Independent variable (occurs first in time) on the top and dependent variable on the left
Totals are called the marginals
Each inside box is a cell, you percentage down and compare across
What is the 85%/15% split rule?
If there is any gap wider than 85-18% between variables’ results then there is not enough variation in the data (50/50 split = most variation possible)
What is fo and fe in the X^2 equation and how do you find each?
fo = the cell frequencies observed in the bivariate table
> this is easy to find, it’s just the data we are given in the table
fe = the cell frequencies that would be expected if the variables were independent
> ex. comparing men and women who would be willing to live common law > multiply the total number of men by the proportion of the total population who said “yes” > do this for total men x total no > total women x total yes > and total women x total no > then use the formula for each cell’s fo and fe and then sum up all of these numbers
For nominal-level variables, what are the two commonly used measures of association?

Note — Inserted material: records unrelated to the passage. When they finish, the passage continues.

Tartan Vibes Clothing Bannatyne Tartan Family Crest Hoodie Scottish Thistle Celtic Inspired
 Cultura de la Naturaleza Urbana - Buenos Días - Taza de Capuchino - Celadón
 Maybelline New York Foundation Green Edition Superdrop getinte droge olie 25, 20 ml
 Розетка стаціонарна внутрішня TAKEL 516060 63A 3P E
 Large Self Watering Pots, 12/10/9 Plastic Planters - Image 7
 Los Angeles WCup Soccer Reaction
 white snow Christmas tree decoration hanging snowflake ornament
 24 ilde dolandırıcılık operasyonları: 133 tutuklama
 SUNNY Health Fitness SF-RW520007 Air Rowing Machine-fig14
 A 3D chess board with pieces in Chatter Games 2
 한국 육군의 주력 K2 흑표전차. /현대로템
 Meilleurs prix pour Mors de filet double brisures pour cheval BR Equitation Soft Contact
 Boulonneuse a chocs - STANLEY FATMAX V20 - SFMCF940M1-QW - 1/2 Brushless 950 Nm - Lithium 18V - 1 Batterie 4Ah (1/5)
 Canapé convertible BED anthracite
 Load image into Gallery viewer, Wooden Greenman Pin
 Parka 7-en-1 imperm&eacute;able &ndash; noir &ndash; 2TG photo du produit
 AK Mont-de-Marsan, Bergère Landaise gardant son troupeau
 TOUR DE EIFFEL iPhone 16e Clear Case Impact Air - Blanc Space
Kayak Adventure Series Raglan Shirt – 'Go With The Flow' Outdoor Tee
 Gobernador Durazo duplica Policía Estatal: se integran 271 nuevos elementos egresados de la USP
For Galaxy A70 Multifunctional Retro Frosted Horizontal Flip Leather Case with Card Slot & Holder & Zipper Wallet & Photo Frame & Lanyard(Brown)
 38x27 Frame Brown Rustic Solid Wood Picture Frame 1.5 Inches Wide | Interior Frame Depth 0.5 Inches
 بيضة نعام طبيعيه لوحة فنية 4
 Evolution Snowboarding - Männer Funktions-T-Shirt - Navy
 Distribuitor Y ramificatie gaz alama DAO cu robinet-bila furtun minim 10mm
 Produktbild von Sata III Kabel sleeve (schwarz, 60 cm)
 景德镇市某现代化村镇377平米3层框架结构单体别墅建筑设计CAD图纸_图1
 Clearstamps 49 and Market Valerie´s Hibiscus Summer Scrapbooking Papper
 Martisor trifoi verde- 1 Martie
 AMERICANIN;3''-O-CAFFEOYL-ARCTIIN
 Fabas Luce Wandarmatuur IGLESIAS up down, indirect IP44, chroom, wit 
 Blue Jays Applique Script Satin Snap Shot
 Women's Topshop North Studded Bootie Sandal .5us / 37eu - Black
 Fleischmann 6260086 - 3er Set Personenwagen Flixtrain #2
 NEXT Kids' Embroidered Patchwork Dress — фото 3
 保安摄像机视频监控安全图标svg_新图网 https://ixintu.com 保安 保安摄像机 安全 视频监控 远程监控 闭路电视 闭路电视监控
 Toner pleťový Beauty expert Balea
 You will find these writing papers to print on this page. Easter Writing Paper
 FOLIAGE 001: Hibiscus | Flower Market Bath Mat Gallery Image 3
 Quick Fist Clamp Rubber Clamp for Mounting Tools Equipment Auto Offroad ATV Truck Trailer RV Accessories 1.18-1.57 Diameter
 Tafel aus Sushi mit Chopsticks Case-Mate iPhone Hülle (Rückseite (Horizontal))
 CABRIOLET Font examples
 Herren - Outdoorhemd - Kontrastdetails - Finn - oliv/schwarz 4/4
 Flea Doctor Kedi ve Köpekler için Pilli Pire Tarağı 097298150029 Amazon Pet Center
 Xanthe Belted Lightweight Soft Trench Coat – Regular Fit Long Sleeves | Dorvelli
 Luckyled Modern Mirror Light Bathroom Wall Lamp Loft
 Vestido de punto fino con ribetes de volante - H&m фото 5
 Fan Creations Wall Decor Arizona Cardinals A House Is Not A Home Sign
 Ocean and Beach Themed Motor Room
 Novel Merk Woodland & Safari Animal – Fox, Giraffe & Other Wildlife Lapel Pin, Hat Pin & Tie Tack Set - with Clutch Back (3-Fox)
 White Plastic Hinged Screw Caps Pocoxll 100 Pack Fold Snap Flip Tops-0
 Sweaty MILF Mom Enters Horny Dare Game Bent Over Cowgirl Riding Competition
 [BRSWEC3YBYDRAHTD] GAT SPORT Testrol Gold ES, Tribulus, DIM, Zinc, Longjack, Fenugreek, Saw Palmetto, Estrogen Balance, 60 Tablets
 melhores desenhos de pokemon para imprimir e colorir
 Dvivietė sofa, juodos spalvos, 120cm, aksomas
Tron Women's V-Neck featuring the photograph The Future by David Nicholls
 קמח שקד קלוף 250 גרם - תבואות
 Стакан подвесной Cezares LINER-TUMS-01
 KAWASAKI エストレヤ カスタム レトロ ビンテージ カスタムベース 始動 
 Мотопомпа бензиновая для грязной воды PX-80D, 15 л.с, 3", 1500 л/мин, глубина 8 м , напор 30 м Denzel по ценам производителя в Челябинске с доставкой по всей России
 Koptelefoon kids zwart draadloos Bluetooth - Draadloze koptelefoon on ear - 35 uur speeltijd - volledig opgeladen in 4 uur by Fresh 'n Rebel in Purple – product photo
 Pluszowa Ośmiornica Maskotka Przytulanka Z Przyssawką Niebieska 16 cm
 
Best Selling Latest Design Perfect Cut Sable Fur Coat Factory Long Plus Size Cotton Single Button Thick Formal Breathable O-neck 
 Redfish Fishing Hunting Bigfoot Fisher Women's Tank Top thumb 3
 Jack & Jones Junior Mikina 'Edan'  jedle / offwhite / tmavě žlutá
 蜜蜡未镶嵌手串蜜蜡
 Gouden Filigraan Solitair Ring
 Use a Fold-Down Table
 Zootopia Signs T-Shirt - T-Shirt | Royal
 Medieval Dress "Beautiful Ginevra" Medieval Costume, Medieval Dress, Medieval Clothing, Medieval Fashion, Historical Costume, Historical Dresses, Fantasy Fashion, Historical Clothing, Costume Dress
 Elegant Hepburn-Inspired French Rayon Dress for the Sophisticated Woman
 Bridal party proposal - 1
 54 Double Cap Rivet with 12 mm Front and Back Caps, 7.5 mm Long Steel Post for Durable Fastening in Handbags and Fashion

- Chi square-based measures: phi or Cramer’s V
- PRE measure: Lambda
In assessing any bivariate association, what are the 3 progressive questions we ask?
- Does an association exist
- If an association exists, how strong is the association (strength)
- What is the pattern or direction of the association (direction)
When we eyeball a bivariate table, how can we examine if an association exist?
look at the column percentages –> do the conditional distributions of Y differ across the various categories of X?
- if conditional distributions change, there is a relationship between the variables
What would no association between variables and a perfect association between variables look like on a bivariate table?
no association: every cell has the same number in it - no variation and no therefore association
perfect association: each value of the dependent variable is associated with one, and only one, value of the independent variable (example in photos)
> means you can predict with 100% certainty